Provided information -
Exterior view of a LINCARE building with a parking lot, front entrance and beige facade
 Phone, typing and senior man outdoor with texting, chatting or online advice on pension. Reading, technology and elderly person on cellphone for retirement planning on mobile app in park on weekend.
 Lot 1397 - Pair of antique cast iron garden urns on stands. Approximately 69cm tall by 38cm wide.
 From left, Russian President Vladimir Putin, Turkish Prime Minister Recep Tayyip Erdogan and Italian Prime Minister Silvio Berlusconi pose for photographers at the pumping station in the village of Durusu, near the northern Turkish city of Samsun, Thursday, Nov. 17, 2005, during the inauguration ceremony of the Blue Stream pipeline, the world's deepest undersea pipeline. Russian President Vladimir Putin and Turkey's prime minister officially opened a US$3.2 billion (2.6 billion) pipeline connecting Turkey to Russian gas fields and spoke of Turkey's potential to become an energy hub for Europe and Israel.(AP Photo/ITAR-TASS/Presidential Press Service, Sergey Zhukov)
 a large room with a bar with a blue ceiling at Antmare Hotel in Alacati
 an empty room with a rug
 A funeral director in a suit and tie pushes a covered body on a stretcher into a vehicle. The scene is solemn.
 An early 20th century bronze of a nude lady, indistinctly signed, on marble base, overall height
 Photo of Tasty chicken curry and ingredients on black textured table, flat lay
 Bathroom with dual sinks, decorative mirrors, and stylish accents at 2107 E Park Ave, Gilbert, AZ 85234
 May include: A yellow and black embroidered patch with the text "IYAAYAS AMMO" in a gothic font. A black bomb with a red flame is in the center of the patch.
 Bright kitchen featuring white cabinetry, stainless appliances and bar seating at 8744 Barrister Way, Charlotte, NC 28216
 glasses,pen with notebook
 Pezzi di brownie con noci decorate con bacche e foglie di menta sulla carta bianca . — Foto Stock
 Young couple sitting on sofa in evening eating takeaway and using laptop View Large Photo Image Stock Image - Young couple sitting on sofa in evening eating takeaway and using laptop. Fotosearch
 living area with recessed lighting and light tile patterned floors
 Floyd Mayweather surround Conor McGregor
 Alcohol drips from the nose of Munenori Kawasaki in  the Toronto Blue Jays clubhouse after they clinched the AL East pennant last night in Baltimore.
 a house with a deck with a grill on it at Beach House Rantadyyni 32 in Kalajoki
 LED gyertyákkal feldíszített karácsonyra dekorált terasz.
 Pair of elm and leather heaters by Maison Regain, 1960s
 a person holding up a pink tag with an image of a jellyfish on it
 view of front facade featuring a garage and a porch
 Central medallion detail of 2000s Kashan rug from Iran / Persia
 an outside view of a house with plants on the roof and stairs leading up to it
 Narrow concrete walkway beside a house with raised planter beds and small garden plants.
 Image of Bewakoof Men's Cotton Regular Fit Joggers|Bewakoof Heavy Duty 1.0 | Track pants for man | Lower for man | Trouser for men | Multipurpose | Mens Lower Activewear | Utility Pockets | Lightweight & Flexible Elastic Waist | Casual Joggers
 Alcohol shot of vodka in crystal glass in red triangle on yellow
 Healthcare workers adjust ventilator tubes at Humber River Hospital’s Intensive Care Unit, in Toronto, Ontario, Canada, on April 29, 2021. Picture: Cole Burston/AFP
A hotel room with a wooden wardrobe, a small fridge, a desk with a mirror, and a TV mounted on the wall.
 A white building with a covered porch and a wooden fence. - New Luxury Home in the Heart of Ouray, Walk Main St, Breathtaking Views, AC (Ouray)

Work task -
Taking the lines above, repeat exactly those from the line that contains "Photo of Tasty" through the line that contains "A hotel room", and both of those lines as well. Include nothing else.

Solution to this task -
 Photo of Tasty chicken curry and ingredients on black textured table, flat lay
 Bathroom with dual sinks, decorative mirrors, and stylish accents at 2107 E Park Ave, Gilbert, AZ 85234
 May include: A yellow and black embroidered patch with the text "IYAAYAS AMMO" in a gothic font. A black bomb with a red flame is in the center of the patch.
 Bright kitchen featuring white cabinetry, stainless appliances and bar seating at 8744 Barrister Way, Charlotte, NC 28216
 glasses,pen with notebook
 Pezzi di brownie con noci decorate con bacche e foglie di menta sulla carta bianca . — Foto Stock
 Young couple sitting on sofa in evening eating takeaway and using laptop View Large Photo Image Stock Image - Young couple sitting on sofa in evening eating takeaway and using laptop. Fotosearch
 living area with recessed lighting and light tile patterned floors
 Floyd Mayweather surround Conor McGregor
 Alcohol drips from the nose of Munenori Kawasaki in  the Toronto Blue Jays clubhouse after they clinched the AL East pennant last night in Baltimore.
 a house with a deck with a grill on it at Beach House Rantadyyni 32 in Kalajoki
 LED gyertyákkal feldíszített karácsonyra dekorált terasz.
 Pair of elm and leather heaters by Maison Regain, 1960s
 a person holding up a pink tag with an image of a jellyfish on it
 view of front facade featuring a garage and a porch
 Central medallion detail of 2000s Kashan rug from Iran / Persia
 an outside view of a house with plants on the roof and stairs leading up to it
 Narrow concrete walkway beside a house with raised planter beds and small garden plants.
 Image of Bewakoof Men's Cotton Regular Fit Joggers|Bewakoof Heavy Duty 1.0 | Track pants for man | Lower for man | Trouser for men | Multipurpose | Mens Lower Activewear | Utility Pockets | Lightweight & Flexible Elastic Waist | Casual Joggers
 Alcohol shot of vodka in crystal glass in red triangle on yellow
 Healthcare workers adjust ventilator tubes at Humber River Hospital’s Intensive Care Unit, in Toronto, Ontario, Canada, on April 29, 2021. Picture: Cole Burston/AFP
A hotel room with a wooden wardrobe, a small fridge, a desk with a mirror, and a TV mounted on the wall.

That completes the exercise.